Rappelant par sa composition les représentations d’apparitions miraculeuses de la Vierge, le tableau de Jules Roméo est en fait un ex-voto tout à fait classique tel qu’on en trouve dans de nombreuses églises de France dans la seconde moitié du XIXe siècle. Parfois support d’une demande auprès d’un saint intercesseur ou de la Vierge, le plus souvent marque de remerciement pour un vœu exaucé, les ex-voto sont soit des objets (béquilles, modèles en bois ou en cire représentant des parties du corps humain), soit des tableaux peints, soit de simples plaques de marbre.

Analyse des images

La composition comprend trois registres. Au premier plan, un sergent de l’armée française est en prière. Il s’agit de l’orant, l’auteur du vœu. Derrière lui, un champ de bataille non identifié est posé comme un décor ; ce n’est pas à proprement parler une scène de bataille, mais la simple évocation de l’objet du vœu. Séparée des deux scènes humaines par un halo entouré d’une nuée, la Vierge à l’Enfant représente l’objet du culte, la sphère du miraculeux. Ce témoignage de reconnaissance d’un homme qui a survécu à une guerre est renforcé par la représentation de ce même homme en situation de supplication. La distinction formelle des trois registres est assez rare dans les ex-voto populaires, la plupart d’entre eux ne figurant que l’événement ayant donné lieu au vœu et la représentation du saint intercesseur ou de la Vierge. Illustré dans la peinture classique par de grands maîtres tels Titien, Philippe de Champaigne ou Raphaël, l’ex-voto peut également être l’œuvre de l’orant lui-même, mais il est plus fréquent d’en voir la réalisation confiée à un spécialiste local. Né en 1832, Jules Roméo est un peintre décorateur actif à Marseille de 1852 à l’extrême fin du XIXe siècle. Issu d’un milieu d’artisans, habitant une rue très active sur le plan commercial, il se fait une spécialité des décors en faux bois, du travail du marbre, des vitreries, des dorures… et de la peinture d’ex-voto. A la fin de sa vie il fréquentera un milieu plus artiste de peintres et de photographes.

Interprétation

Les occasions qui donnent lieu à la réalisation d’ex-voto sont nombreuses puisqu’il s’agit de rendre public un vœu réalisé lors d’une catastrophe.

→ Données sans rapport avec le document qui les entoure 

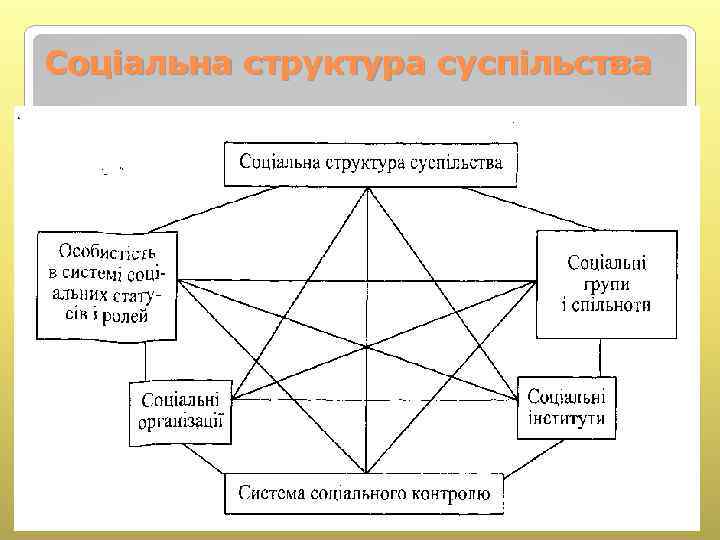 Соціальна структура суспільства 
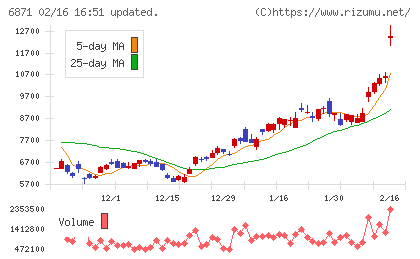日本マイクロニクスチャート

Trois catégories sont clairement identifiables : l’accident, la maladie et le cataclysme. Ce dernier, collectif ou individuel, peut mettre en œuvre des forces naturelles (incendie, tempête, foudre) ou humaines (tentative d’homicide ou, comme ici, guerre). Les ex-voto populaires ayant trait à des cataclysmes sont beaucoup plus rares que ceux, très stéréotypés, qui représentent un malade alité ou un accident de charrette. Considérer la guerre comme un cataclysme semble ici renvoyer à un pacifisme spontané qui tranche sur le patriotisme officiel.

Bibliographie

Bernard COUSIN Le Miracle et le quotidien.
Les ex-voto provençaux, images d’une société
Aix-en-Provence, 1983.
René CREUX Les ex-voto racontent Paris, Fontainemore-Flammarion, 1979.
Jean CUISENIER L’Art populaire en France Fribourg, Office du Livre, 1976.
Françoise LOUX « Ex-voto et vie religieuse populaire »in Ex-voto , catalogue d’exposition du musée de Pontoise, 1976.
Arnaud RAMIÈRE DE FORTANIER (dir.) « Les Roméo », catalogue d’exposition des archives communalesin Ex-voto du terroir marseillais , Marseille, 1978 Michel VOVELLE et Didier LANCIEN (dir.) Iconographie et histoire des mentalités , Actes du colloque d’Aix-en-Provence (juin 1976), Centre méridional d’histoire sociale, des mentalités et des culturesEditions du CNRS, 1979.